Looking at the the output, I noticed that we had a lot threads
calling FuzzyTermEnum. I thought this was strange, and sounded like an
expensive search method. I talked with the developer, and we expected
that the tilde character was being ignored by edismax. At the very least
being escaped by our library, since it was included in the characters
to escape. I checked the request logs, and we had people looking for
exact titles that contained ~. This turned a 300ms query into a query
that timed out, due to the size of our index. Further inspection of the
thread dump revealed that we were also allowing the * to be used in
query terms as well.

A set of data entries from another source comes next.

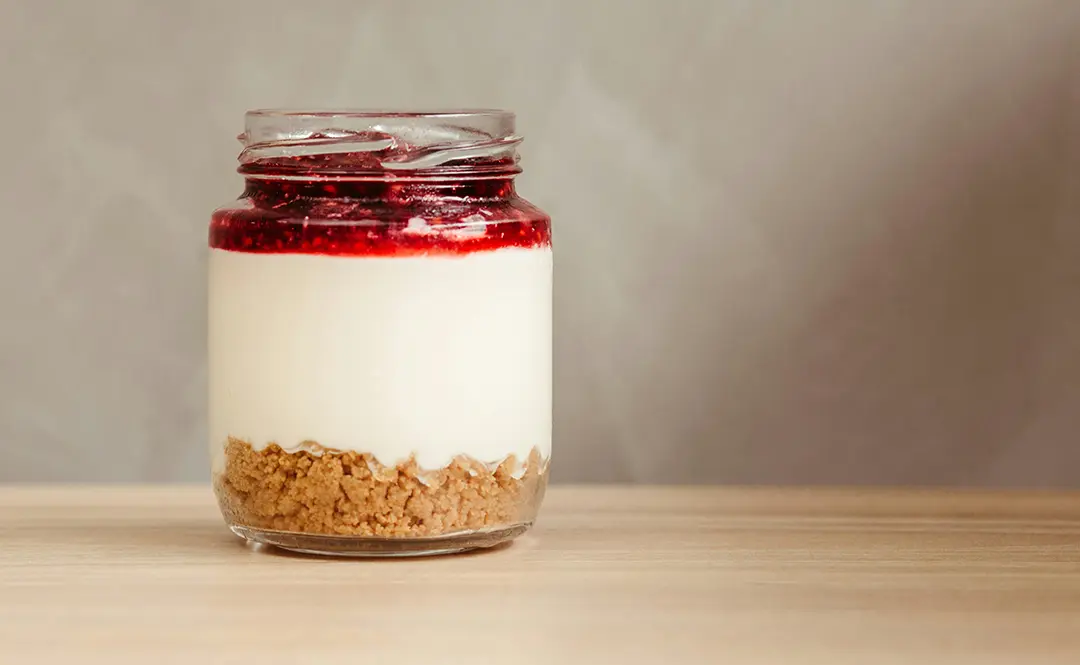 Layered cheesecake in a jar with fruit topping.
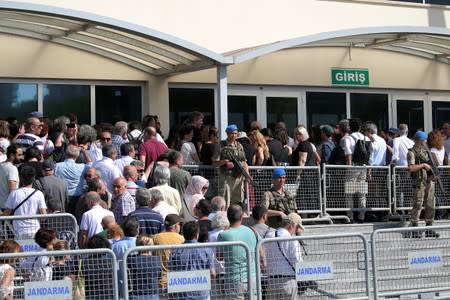 Friends and supporters of the defendants line up to enter the courtroom at the Silivri Prison and Courthouse complex in Silivri near Istanbul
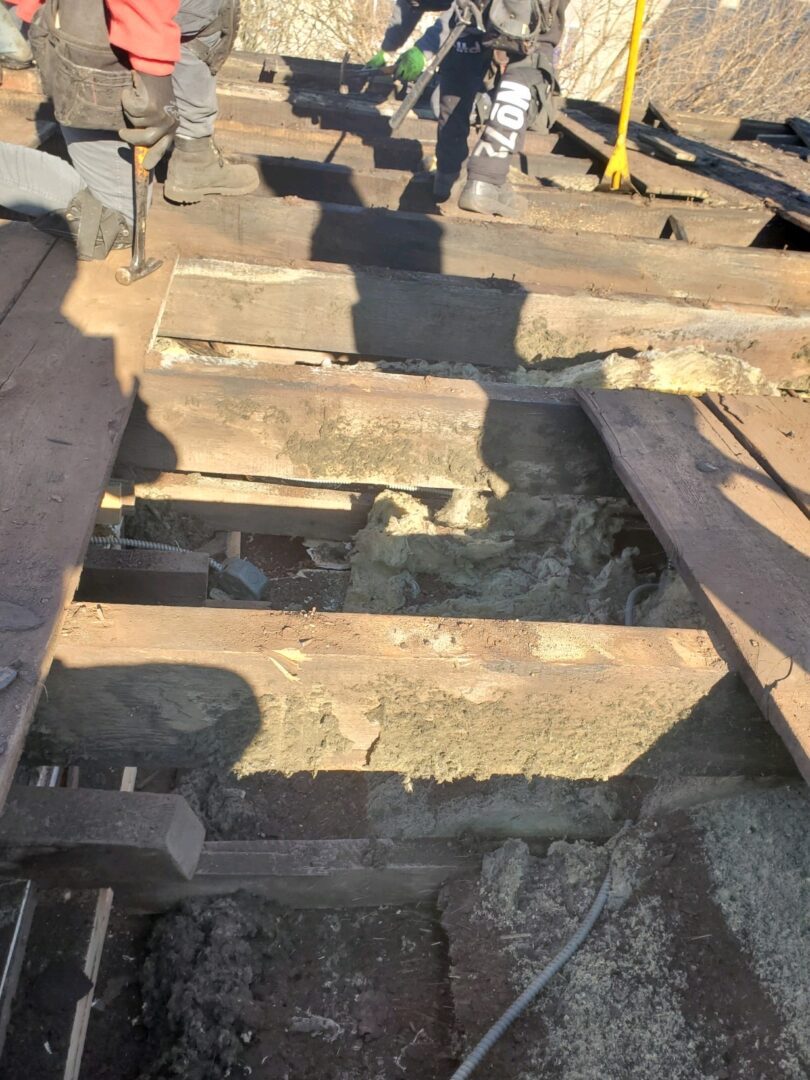 Old, weathered wooden beams and rusty metal parts.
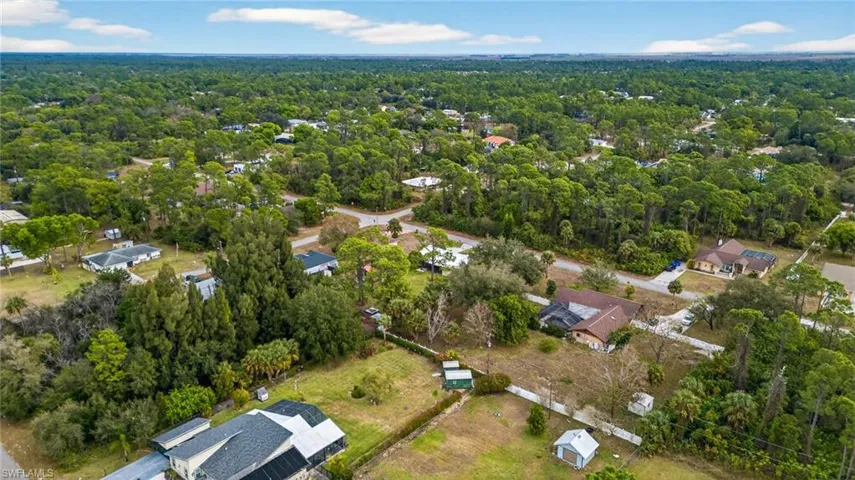 Aerial view of residential area featuring a forest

Terms like *s ended up being equally problematic.
A Solr Surprize
We hadn’t sufficiently tested edismax, and we’re surprised that it ran ~,+,^, and * when escaped. I didn’t find any documentation that stated this directly, but I didn’t really expect to. We double checked our Solr library to see if that it was properly escaping the special characters in the query, but they we’re still being processed by Solr. On a hunch we tried double escaping the characters, which resolved the issue.
I’m not sure if this is a well known problem with edismax, but if you’re seeing odd CPU spikes this is definitely worth checking for. In addition, when trying to get to a root of a tough problem kill -3 can be a great shortcut. It saved me a bunch of painful debugging, and really eliminated almost all my guess work.